Deriving SF-12v2 physical and mental health summary scores: a comparison of different scoring algorithms
- First Online:
- Cite this article as:
- Fleishman, J.A., Selim, A.J. & Kazis, L.E. Qual Life Res (2010) 19: 231. doi:10.1007/s11136-009-9582-z
- 2.1k Downloads
Summary scores for the SF-12, version 2 (SF-12v2) health status measure are based on scoring coefficients derived for version 1 of the SF-36, despite changes in item wording and response scales and despite the fact that SF-12 scales only contain a subset of SF-36 items. This study derives new summary scores based directly on SF-12v2 data from a recent U.S. sample and compares the new summary scores to the standard ones. Due to controversy regarding methods for developing scoring coefficients for the summary score, we compare summary scores produced by different methods.

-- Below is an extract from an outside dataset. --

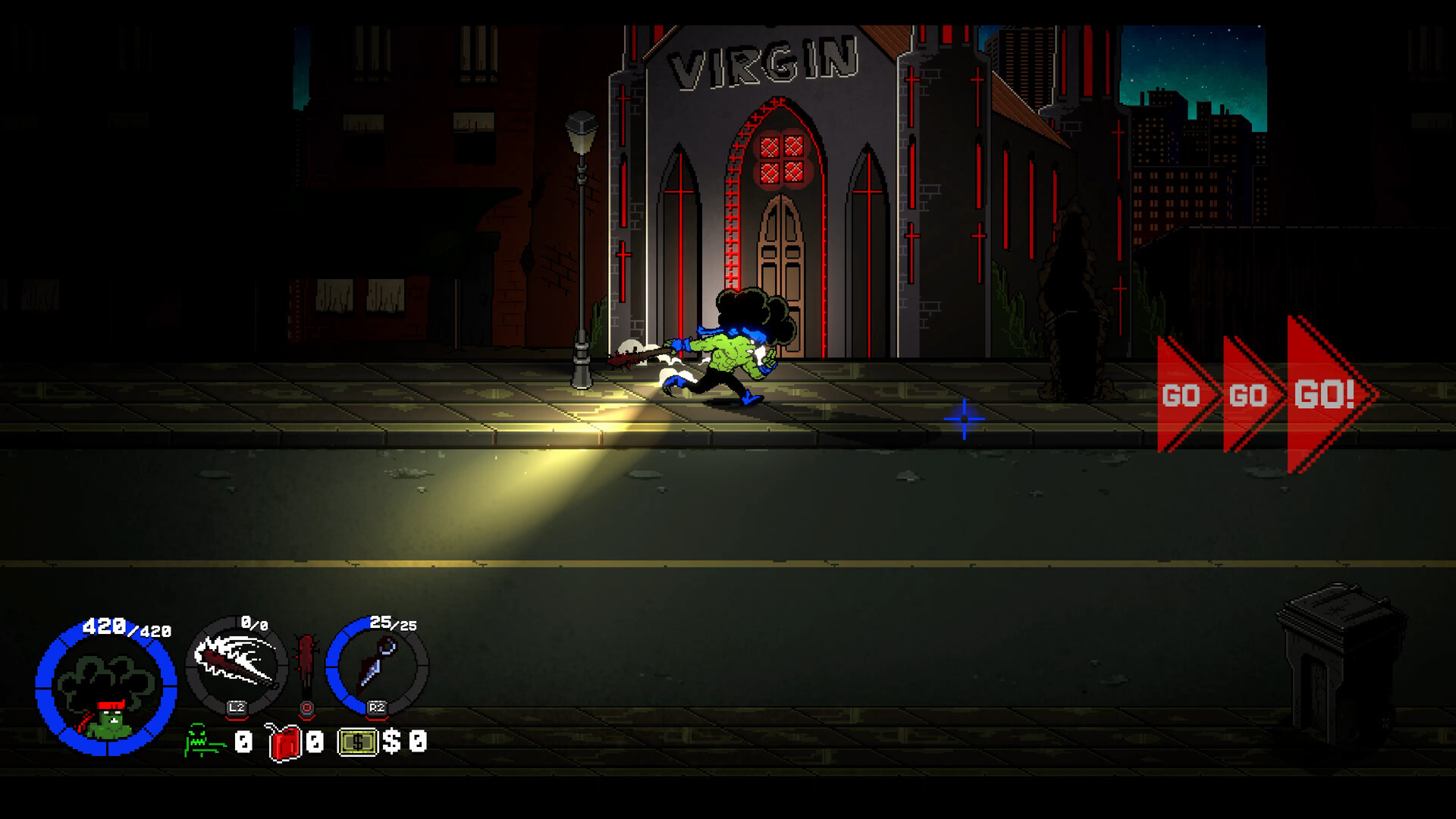 Gangsta Bean 3: Night of the Rising Bread screenshot 1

We analyzed nationally representative U.S. data, which provided 53,399 observations for the SF-12v2 in 2003–2005. In addition to the standard SF-12V2 scoring algorithm, summary scores were generated using exploratory factor analysis (EFA), principal components analysis (PCA), and confirmatory factor analysis (CFA), with orthogonal and oblique rotation. We examined correlations among different summary scores, their associations with demographic and clinical variables, and the consistency between changes in scale scores and in summary scores over time.

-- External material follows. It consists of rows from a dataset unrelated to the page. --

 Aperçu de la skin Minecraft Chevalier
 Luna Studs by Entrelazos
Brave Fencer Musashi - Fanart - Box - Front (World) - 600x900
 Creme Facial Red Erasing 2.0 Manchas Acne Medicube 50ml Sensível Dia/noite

The 8 scale means in the current data were similar to the 1998 SF-12v2 means, with the exception of the vitality scale. Correlations among the scales based on SF-12v2 data differed slightly from correlations derived from scales based on the SF-36 data. Correlations among summary scores derived using different methods were high (≥0.84). However, changes in summary scores derived using orthogonal rotation of components or factors were not consistent with changes in sub-scales, whereas changes in summary scores derived using oblique rotation were more consistent with patterns of change in sub-scales.
Although the basic structure of the SF-12 is stable, summary scores derived from oblique rotation are preferable and more consistent with changes in individual scales. On empirical and conceptual grounds, we suggest using summary scores based on oblique CFA.